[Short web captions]
----

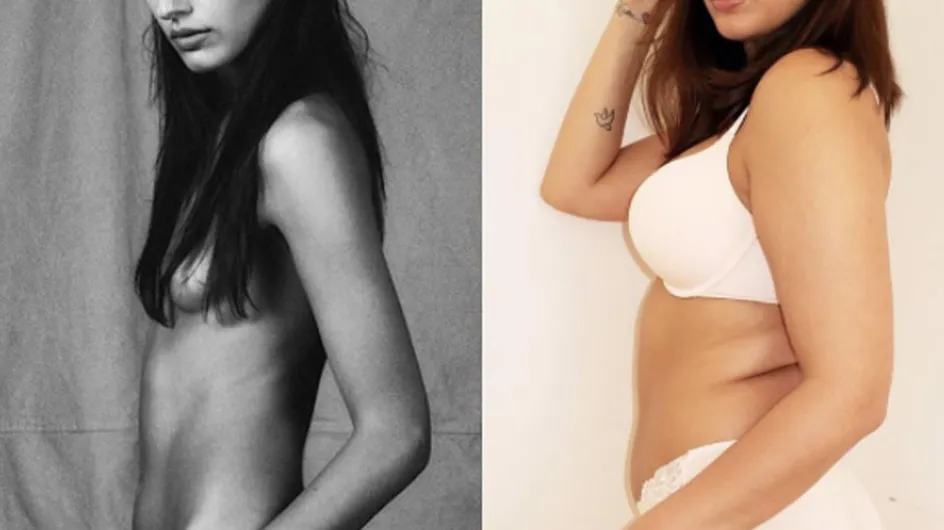 This Model Gave Up Living On '500 Calories A Day' To Embrace Her Natural Curves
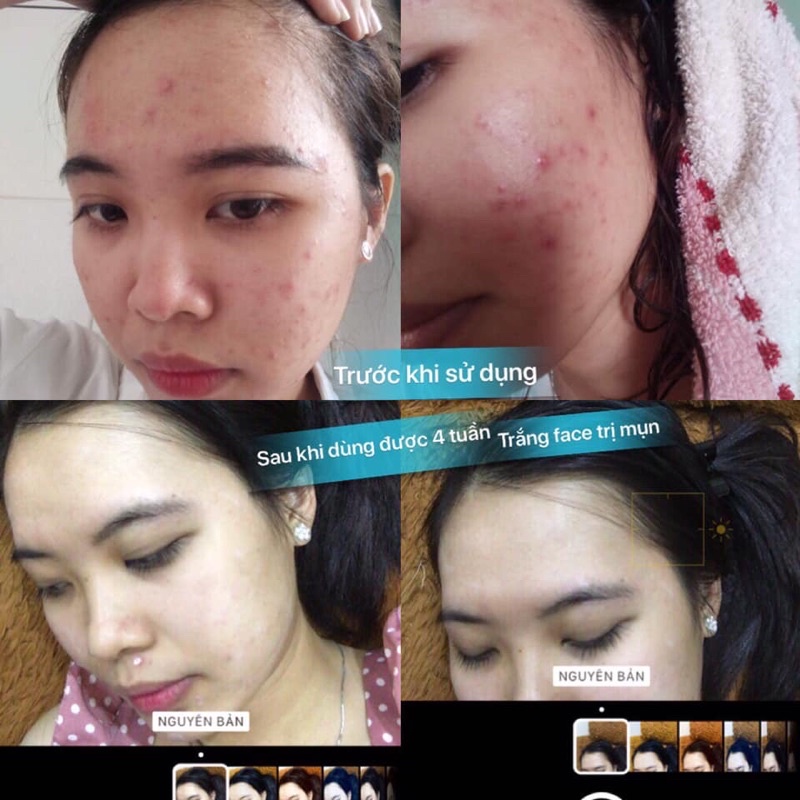 Kem mụn Victoria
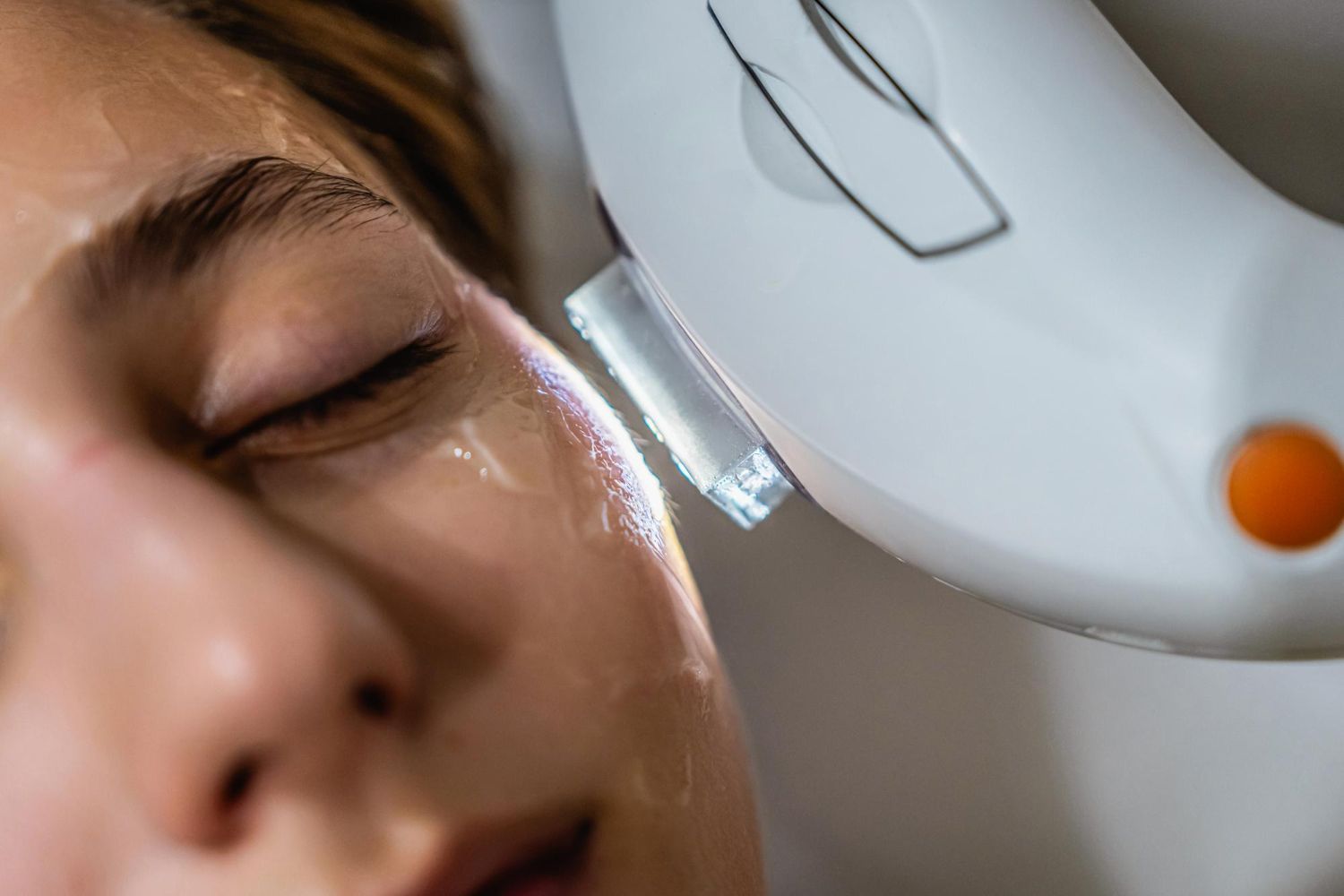Taches brunes, couperose, rougeurs ? Découvrez le traitement IPL-Sq® Vydence à Rouen avec le Dr Phil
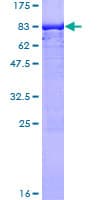 Human TRXR1 / TXNRD1 Protein (Recombinant GST)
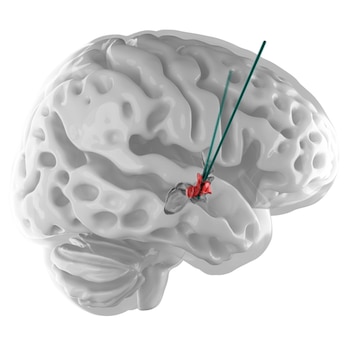 Una representación visual de la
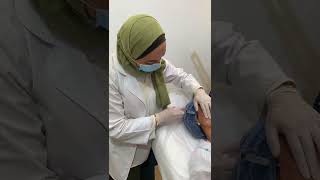 احدث تقنيه شد البشرة عالمياً جلسة السكلبترا Sculptra عند خبراء التجميل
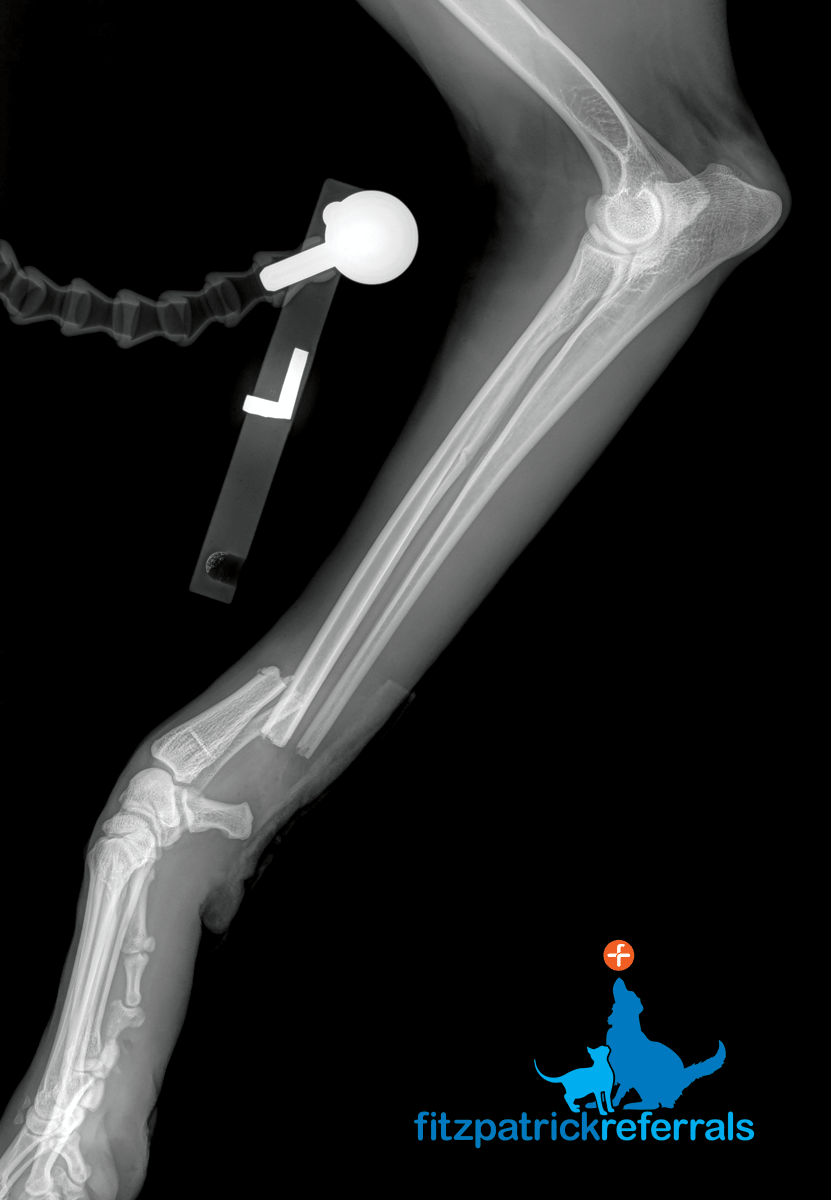 X-ray of a complete, displaced, transverse fracture of the left distal radius and ulna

----

In your copy of the entries above, keep the text exact and leave out the pictures.

• _Completed task_
 This Model Gave Up Living On '500 Calories A Day' To Embrace Her Natural Curves
 Kem mụn Victoria
Taches brunes, couperose, rougeurs ? Découvrez le traitement IPL-Sq® Vydence à Rouen avec le Dr Phil
 Human TRXR1 / TXNRD1 Protein (Recombinant GST)
 Una representación visual de la
 احدث تقنيه شد البشرة عالمياً جلسة السكلبترا Sculptra عند خبراء التجميل
 X-ray of a complete, displaced, transverse fracture of the left distal radius and ulna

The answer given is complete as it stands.